Work instructions:
In your copy, include every record exactly and no pictures.

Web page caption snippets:
□ □ □ □ □
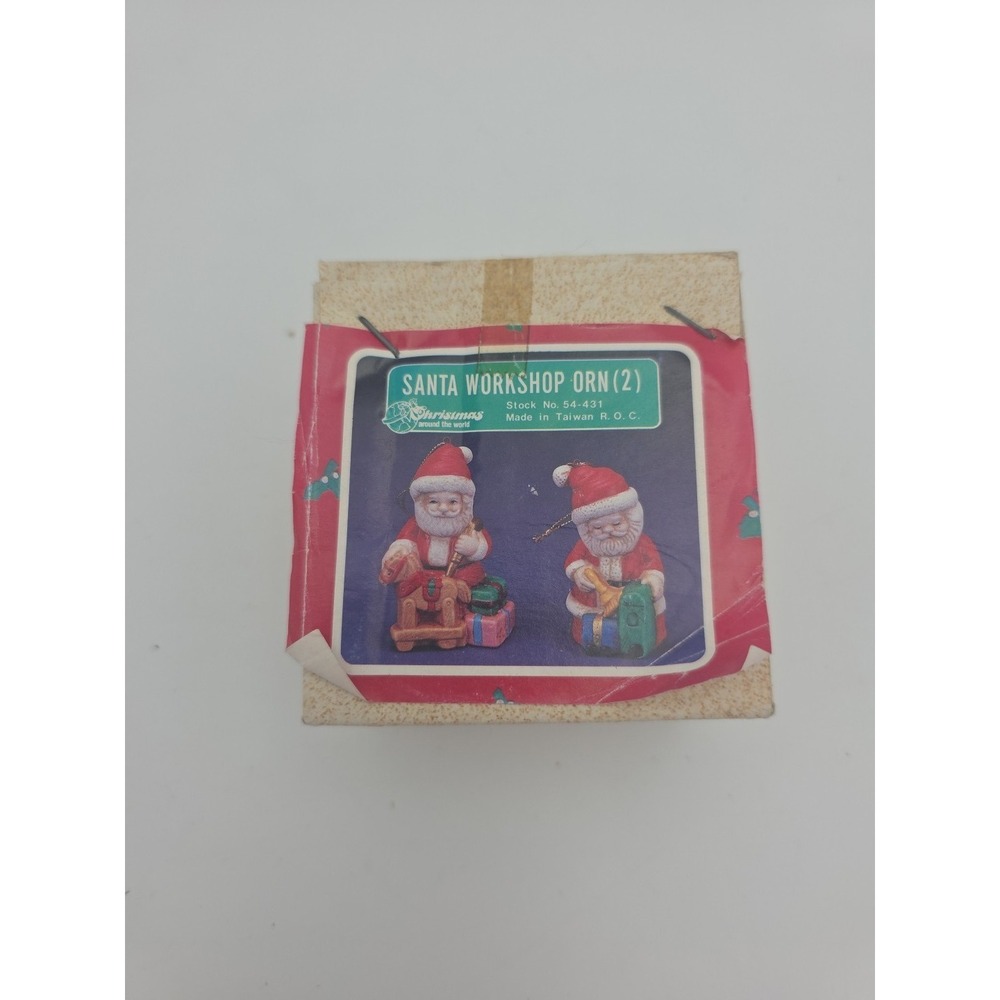 Christmas Around the World Santa Workshop Santa Claus Ornament Set 2 54-431
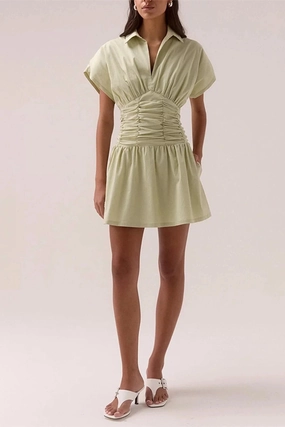 Stellar Mini Dress Aloe Subtle Glow Polished Finish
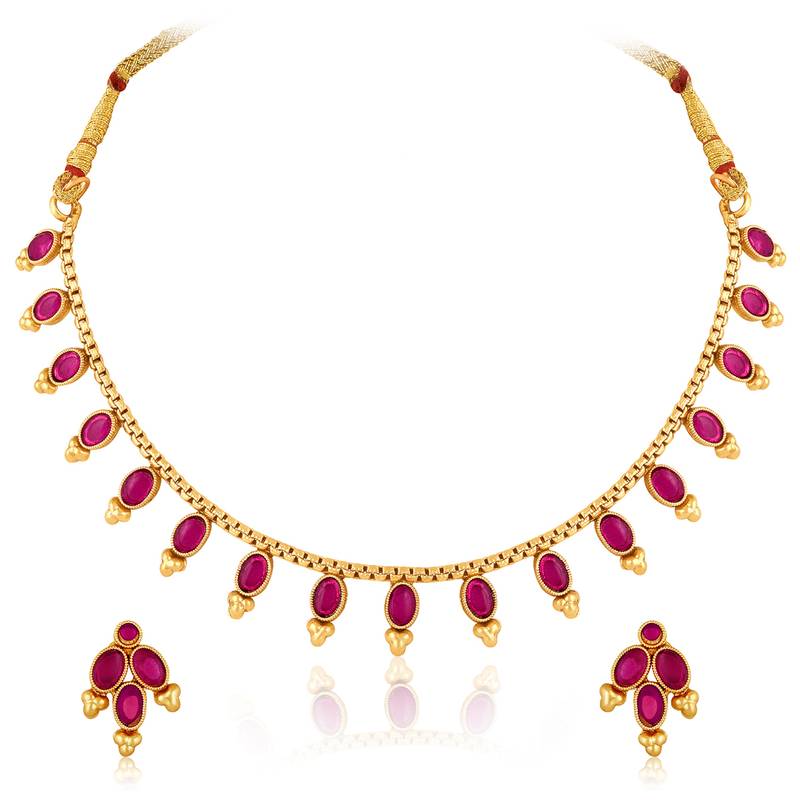 Rani pink necklace stud earrings jewellery set for women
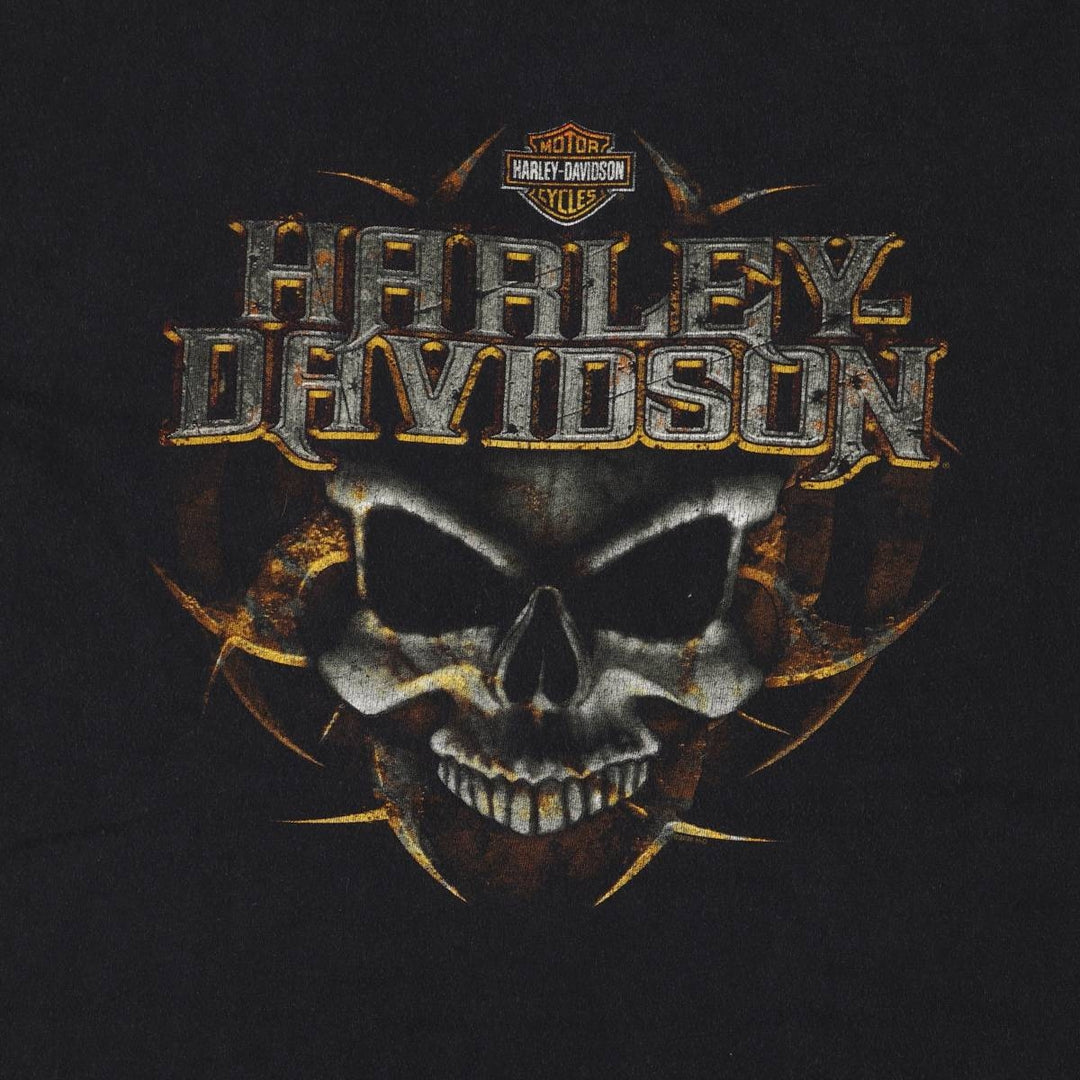 00'S Harley-Davidson Skull Pattern Motorcycle Bike T-shirt Made in USA Men's L size cotton black type Vintage Second Hand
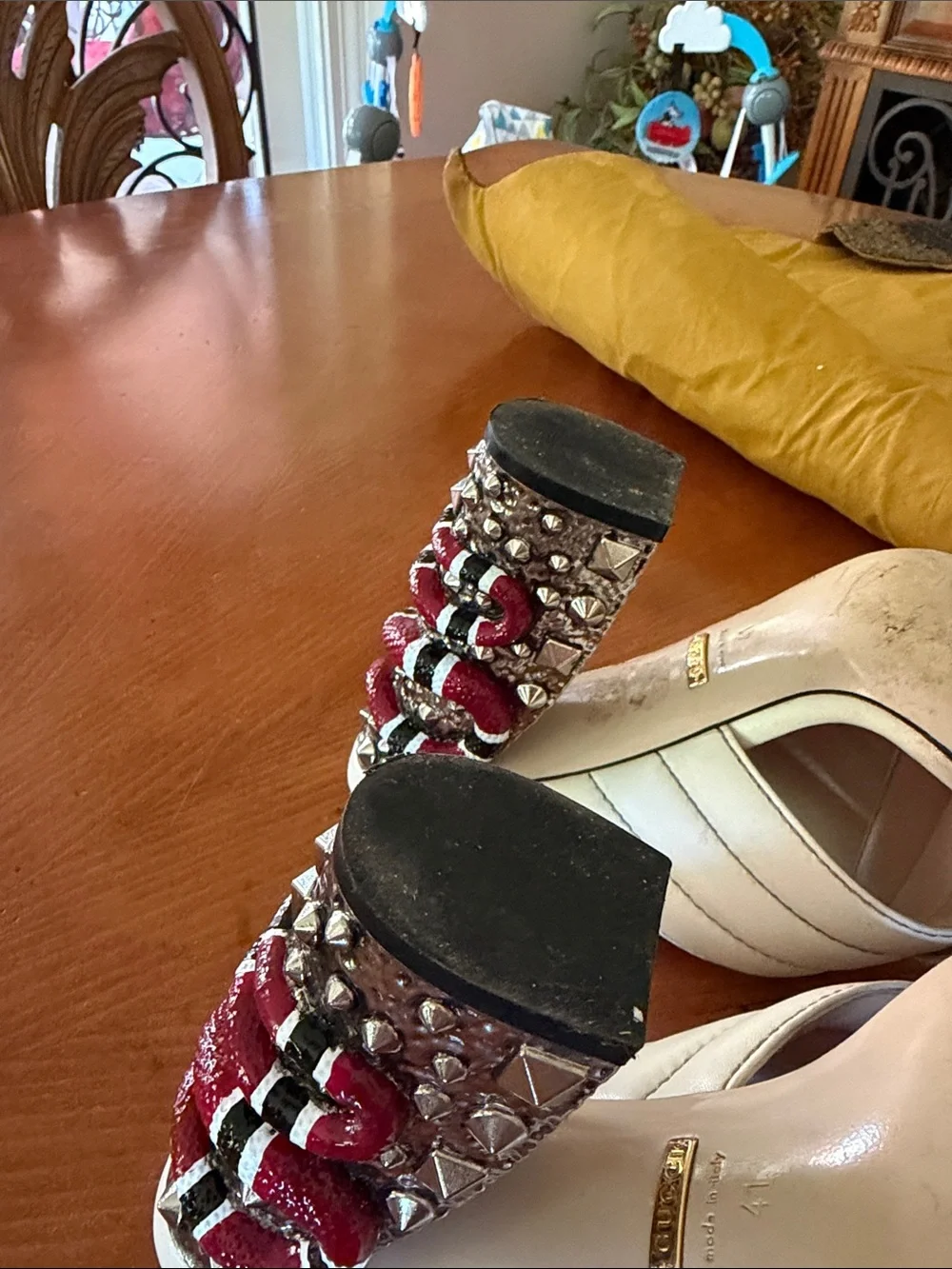 Gucci Cream Slip-On Heels with Red & Black Embellished Snake-Detail Heel - Picture 9 of 10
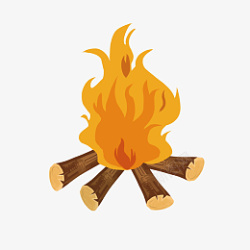 篝火堆野外生存柴火堆插画瞬高清图片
□ □ □ □ □
Reply to the exercise:
 Christmas Around the World Santa Workshop Santa Claus Ornament Set 2 54-431
 Stellar Mini Dress Aloe Subtle Glow Polished Finish
 Rani pink necklace stud earrings jewellery set for women
 00'S Harley-Davidson Skull Pattern Motorcycle Bike T-shirt Made in USA Men's L size cotton black type Vintage Second Hand
 Gucci Cream Slip-On Heels with Red & Black Embellished Snake-Detail Heel - Picture 9 of 10
 篝火堆野外生存柴火堆插画瞬高清图片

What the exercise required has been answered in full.